- **Requirement**: Every line of the material is to be given again exactly.

- **Data extracts**:
+-------+

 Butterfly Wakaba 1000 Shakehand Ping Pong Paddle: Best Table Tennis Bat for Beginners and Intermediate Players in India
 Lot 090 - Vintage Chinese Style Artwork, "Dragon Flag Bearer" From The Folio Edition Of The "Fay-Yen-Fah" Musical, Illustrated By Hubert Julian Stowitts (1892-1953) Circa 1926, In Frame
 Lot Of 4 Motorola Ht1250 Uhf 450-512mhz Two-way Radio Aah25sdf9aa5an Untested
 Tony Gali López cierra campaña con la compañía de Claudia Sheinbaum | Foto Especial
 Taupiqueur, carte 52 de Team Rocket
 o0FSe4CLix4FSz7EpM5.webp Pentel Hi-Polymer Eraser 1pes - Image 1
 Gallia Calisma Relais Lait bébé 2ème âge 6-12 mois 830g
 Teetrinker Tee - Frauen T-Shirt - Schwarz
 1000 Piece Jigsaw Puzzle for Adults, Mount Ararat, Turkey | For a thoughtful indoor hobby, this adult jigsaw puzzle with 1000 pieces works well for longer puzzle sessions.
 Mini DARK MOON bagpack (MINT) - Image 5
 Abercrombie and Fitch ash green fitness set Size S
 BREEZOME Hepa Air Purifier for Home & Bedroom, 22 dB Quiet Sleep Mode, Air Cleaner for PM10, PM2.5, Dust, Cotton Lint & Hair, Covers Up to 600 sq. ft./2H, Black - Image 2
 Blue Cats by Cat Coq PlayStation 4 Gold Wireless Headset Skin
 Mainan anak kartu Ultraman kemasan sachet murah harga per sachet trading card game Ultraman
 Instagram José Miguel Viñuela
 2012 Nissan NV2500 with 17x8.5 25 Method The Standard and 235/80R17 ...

+-------+

- **Exercise solution**:
 Butterfly Wakaba 1000 Shakehand Ping Pong Paddle: Best Table Tennis Bat for Beginners and Intermediate Players in India
 Lot 090 - Vintage Chinese Style Artwork, "Dragon Flag Bearer" From The Folio Edition Of The "Fay-Yen-Fah" Musical, Illustrated By Hubert Julian Stowitts (1892-1953) Circa 1926, In Frame
 Lot Of 4 Motorola Ht1250 Uhf 450-512mhz Two-way Radio Aah25sdf9aa5an Untested
 Tony Gali López cierra campaña con la compañía de Claudia Sheinbaum | Foto Especial
 Taupiqueur, carte 52 de Team Rocket
 o0FSe4CLix4FSz7EpM5.webp Pentel Hi-Polymer Eraser 1pes - Image 1
 Gallia Calisma Relais Lait bébé 2ème âge 6-12 mois 830g
 Teetrinker Tee - Frauen T-Shirt - Schwarz
 1000 Piece Jigsaw Puzzle for Adults, Mount Ararat, Turkey | For a thoughtful indoor hobby, this adult jigsaw puzzle with 1000 pieces works well for longer puzzle sessions.
 Mini DARK MOON bagpack (MINT) - Image 5
 Abercrombie and Fitch ash green fitness set Size S
 BREEZOME Hepa Air Purifier for Home & Bedroom, 22 dB Quiet Sleep Mode, Air Cleaner for PM10, PM2.5, Dust, Cotton Lint & Hair, Covers Up to 600 sq. ft./2H, Black - Image 2
 Blue Cats by Cat Coq PlayStation 4 Gold Wireless Headset Skin
 Mainan anak kartu Ultraman kemasan sachet murah harga per sachet trading card game Ultraman
 Instagram José Miguel Viñuela
 2012 Nissan NV2500 with 17x8.5 25 Method The Standard and 235/80R17 ...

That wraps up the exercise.